1. Prohibited any person freed after its passing from owning land.
2. Set an initial and yearly fee for manumitting the enslaved upon enslavers. If the enslaved were manumitted through the will of someone who died, the executors of the will were responsible for paying said fee. If the fee was not paid, the manumission was considered void.
3. Named murder, conspiracy, rape, arson, mutilation, dismemberment and 'mayhem' as crimes that were punishable by death if carried out by an enslaved person against free people.
4. Prohibited enslaved people from owning or using a gun without the authorization of their enslaver. This punishment for breaking this law was no more than twenty lashes upon the back.

== 1730 Slave Code ==
The last of the main slave codes of New York was passed on October 29th, 1730. Entitled 'An Act for the More Effectual Preventing and Punishing the Conspiracy and Insurrection of Negro and Other Slaves', this law arose from perceived mischief that was thought to have come from enslaved people having too much autonomy, and combined the 1702 and 1712 iterations of each respective law while expanding on some of their content. The main changes seen within this iteration of the law:

1. Prohibited the sale of alcohol to enslaved people.
2. Removed the clause prohibiting formerly enslaved people from owning land.
3. Banned enslaved people from using or owning of any kind of weapon without the authorization of their enslaver
4. Repealed the 1702 and 1712 iterations of the law.
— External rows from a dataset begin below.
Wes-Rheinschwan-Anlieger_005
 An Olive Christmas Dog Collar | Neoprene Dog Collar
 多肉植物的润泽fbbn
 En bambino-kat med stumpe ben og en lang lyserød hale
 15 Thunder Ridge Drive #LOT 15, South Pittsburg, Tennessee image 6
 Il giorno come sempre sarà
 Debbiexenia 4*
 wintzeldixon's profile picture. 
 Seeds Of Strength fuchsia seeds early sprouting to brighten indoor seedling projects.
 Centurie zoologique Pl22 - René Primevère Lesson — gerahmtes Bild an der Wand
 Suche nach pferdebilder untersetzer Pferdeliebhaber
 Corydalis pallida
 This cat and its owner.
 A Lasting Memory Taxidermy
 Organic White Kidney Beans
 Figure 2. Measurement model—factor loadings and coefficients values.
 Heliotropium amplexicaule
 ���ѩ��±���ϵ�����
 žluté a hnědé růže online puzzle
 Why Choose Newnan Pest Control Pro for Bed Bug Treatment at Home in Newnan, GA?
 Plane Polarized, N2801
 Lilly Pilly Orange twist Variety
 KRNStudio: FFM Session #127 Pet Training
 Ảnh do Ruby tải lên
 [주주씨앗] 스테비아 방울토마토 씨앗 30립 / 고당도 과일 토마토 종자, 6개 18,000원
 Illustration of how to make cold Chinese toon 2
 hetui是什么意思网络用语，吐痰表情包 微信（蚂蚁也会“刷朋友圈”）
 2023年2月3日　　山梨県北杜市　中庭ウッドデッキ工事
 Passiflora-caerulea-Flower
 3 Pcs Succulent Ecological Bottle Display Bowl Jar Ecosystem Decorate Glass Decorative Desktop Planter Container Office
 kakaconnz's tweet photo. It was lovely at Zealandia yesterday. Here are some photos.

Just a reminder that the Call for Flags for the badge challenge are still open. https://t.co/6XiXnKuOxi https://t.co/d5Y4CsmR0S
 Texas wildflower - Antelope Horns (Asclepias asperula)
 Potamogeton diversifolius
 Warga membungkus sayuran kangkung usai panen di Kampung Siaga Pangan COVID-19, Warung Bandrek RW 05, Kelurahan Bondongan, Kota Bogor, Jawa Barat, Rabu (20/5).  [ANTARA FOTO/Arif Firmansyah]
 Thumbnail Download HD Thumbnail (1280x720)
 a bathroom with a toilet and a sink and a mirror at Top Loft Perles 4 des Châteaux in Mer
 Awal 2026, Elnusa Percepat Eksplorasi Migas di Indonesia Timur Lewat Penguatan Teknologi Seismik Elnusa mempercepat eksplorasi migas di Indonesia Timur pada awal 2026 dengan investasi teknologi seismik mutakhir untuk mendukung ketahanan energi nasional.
== The Abolition of Slavery and Repeal of Slave Codes ==
Throughout the mid to late 1700s, there was a gradual legislative push towards the abolition of slavery within New York and the repeal of slave codes, with the pieces of legislation to begin the abolition of slavery and subsequent slave codes in New York being passed in 1799 and 1817..

=== 1799 Gradual Emancipation Act ===
March 29th, 1799 saw the passage of 'An Act for the Gradual Emancipation of Slavery'. Mainly, this act:

1. Stated that any child born to an enslaved person after the date of July 4^{th}, 1799, would be free, but were obligated to labor in mandatory indentured servitude until the ages of twenty-five and twenty-eight for women and men respectively.
2. Required enslavers to teach any children whose labor they were benefiting from to read.
3. Allowed enslavers to renounce or abandon their rights to any enslaved children. The child would then become the responsibility of the jurisdiction or state that they resided in.

=== 1817 Act ===
On March 31st, 1817, "An Act Relative to Slaves and Servants" was passed by the New York legislature. This law added onto the 1799 gradual emancipation act, stating that all enslaved people who were born before July 4th, 1799 and not covered by the 1799 emancipation act would be freed on July 4th, 1827. Since this law established a specific date in which all enslaved people within the state would be freed, it effectively abolished slavery within New York.